Vielleicht noch nie hofften Fans und Spieler in der Gottardo Arena so sehr auf ein Tor ihres Erzrivalen Lugano. Sie hatten mit einem 4:1 gegen Bern die Pflicht erfüllt und die (kleine) Hoffnung aufrecht erhalten, Kloten auf Platz 12 noch abzufangen. Lugano traf dann in Kloten in der drittletzten Minute tatsächlich zum vermeintlichen 2:1 – doch der Treffer wurde nach minutenlangem Videostudium wegen einer Goaliebehinderung aberkannt. Damit war klar: Für Kloten endet die Saison am Montagabend, Ambri-Piotta wird gegen Ajoie das Playout spielen müssen.

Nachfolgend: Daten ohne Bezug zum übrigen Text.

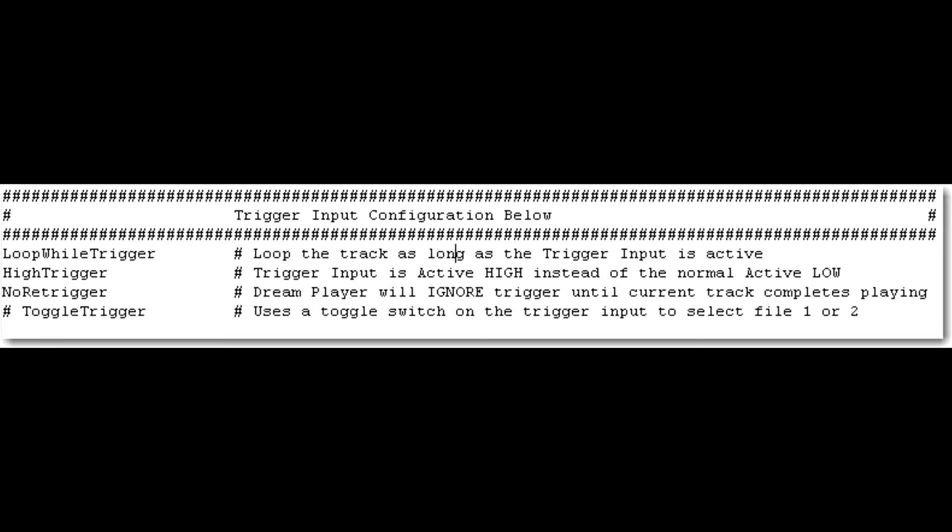And so on and so on. High trigger is basically the opposite of a regular push button. When you push the button down, then it plays the track. But in our case, we need a high trigger. And you need this in order to use the motion sensor.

Das andere Team, das ab Montag Ferien hat, ist Langnau. Stattdessen schaffte es Biel mit seinem neuen Trainer Christian Dubé dank des überzeugenden 5:1 gegen die SCL Tigers ins Play-In. Dort kommt es gegen den SC Bern zu einem weiteren Kantonsderby. In der letzten Runde geht es noch darum, wer im Rückspiel Heimrecht hat, wenn in einer Verlängerung die Entscheidung fallen könnte. Die Bieler müssten dafür allerdings in Davos zwei Punkte mehr holen als der SCB zuhause gegen Fribourg-Gottéron.
Servette und ZSC können Heimvorteil sichern
Einiges auf dem Spiel steht in der letzten Runde noch für das Trio auf den Plätzen 3 bis 5: der Heimvorteil in den Playoff-Viertelfinals. Zwei Punkte trennen Genf-Servette (3./88), das sich erstmals seit dem Meistertitel 2023 wieder für die Playoffs qualifiziert hat, die ZSC Lions (4./88) und Lugano (5./86). Die Genfer und die Zürcher haben klar die besseren Karten, um sich das Heimrecht zu sichern. Sie treffen zuhause gegen Kloten (Servette) respektive auswärts in Langnau (ZSC) auf die beiden Teams, die mit dem Kopf allenfalls bereits halb in den Ferien sind. Lugano beschliesst sein Qualifikationsprogramm zuhause gegen Zug.
Für Zug geht es wie für Rapperswil-Jona um nichts mehr. Am Samstag gewannen die Lakers in Zug 3:2 nach Verlängerung und sicherten sich so den 7. Platz. Im Play-In kommt es zum gleichen Duell, mit dem Rückspiel am Zürichsee. Die ersten zwei Plätze standen für Davos und Fribourg-Gottéron schon länger fest.
Start des Play-In am Donnerstag
Die erste Runde des Play-In steht am Donnerstag und Samstag im Programm. Der Sieger des Duells Rapperswil-Jona – Zug steht danach im Playoff-Viertelfinal. Am Montag und Mittwoch der kommenden Woche geht es dann zwischen dem Verlierer und dem Sieger des Berner Derbys Bern – Biel um den letzten Platz in den Playoffs.
Das Playout zwischen Ambri-Piotta und Ajoie beginnt am Samstag, 21. März, die Playoff-Viertelfinals einen Tag davor. Beide werden als Best-of-7-Serien ausgetragen.